2025
TV program “The Nineties”, curated by Danijela Purešević and transmitted on the 3rd Channel of the RTS - Serbian Radio Television network
Within “The Nineties”, invited by the art-historian and curator Danijela Purešević, I curated five-minute features on emerging fashion designers and phenomena called “Fashion in Belgrade”.
Although we managed to film only three episodes, the opportunity to showcase experimental, alternative, artistic, strange, ironic, and bizarre fashion on one of the leading TV channels of the national network was a big deal for all of us.
My task was to find designers and creatives, conceive a way to present them on video, organise shooting and filming, find a location and models, and write a brief intro.
These texts are brief intros of TV features, which included Hristina Radović, Mladen Tušup and a collective Eržike LSD.

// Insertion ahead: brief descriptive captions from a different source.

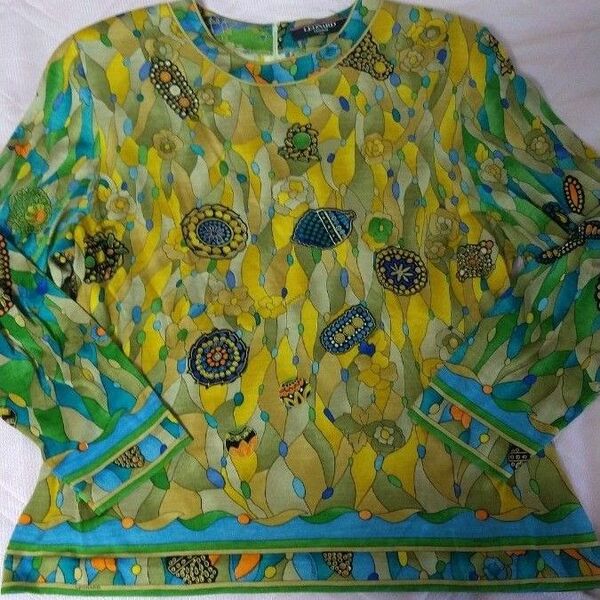 美品!LEONARD レオナール シルク花柄 長袖トップス カットソー L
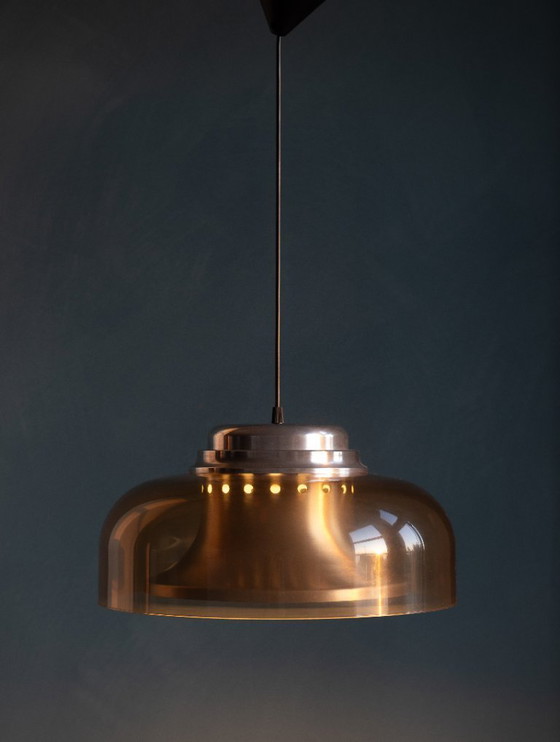 Image 1 of Space Age Herda Hanglamp met Amberkleurige Plexiglas Kap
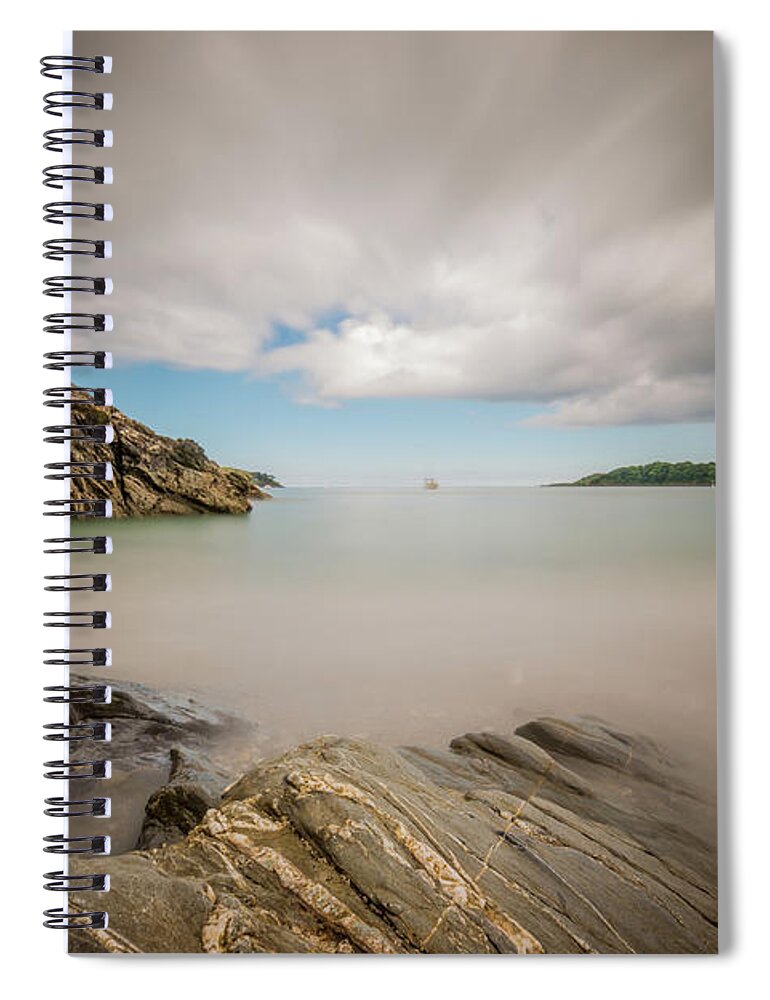 Polgwidden Spiral Notebook featuring the photograph Polgwidden Cove, Cornwall by Nigel R Bell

The first clip, featuring Hristina Radović’s work, was made in March 1991, probably days or weeks before the Croatian War of Independence escalated with the Plitvice Lakes incident on 31 March, when Croatian police clashed with Serb forces, marking an increase in ethnic conflict. This event, known as "Plitvice Bloody Easter," resulted in casualties on both sides and prompted the Yugoslav People's Army (JNA) to intervene, contributing to the wider breakup of Yugoslavia.
In Belgrade, we were still full of hope that this escalation wouldn't go further. Instead, it led to nearly ten years of bloody conflicts on the territory of the former Yugoslavia.
Hristina Radović Andrić was born on January 15, 1970, in Belgrade.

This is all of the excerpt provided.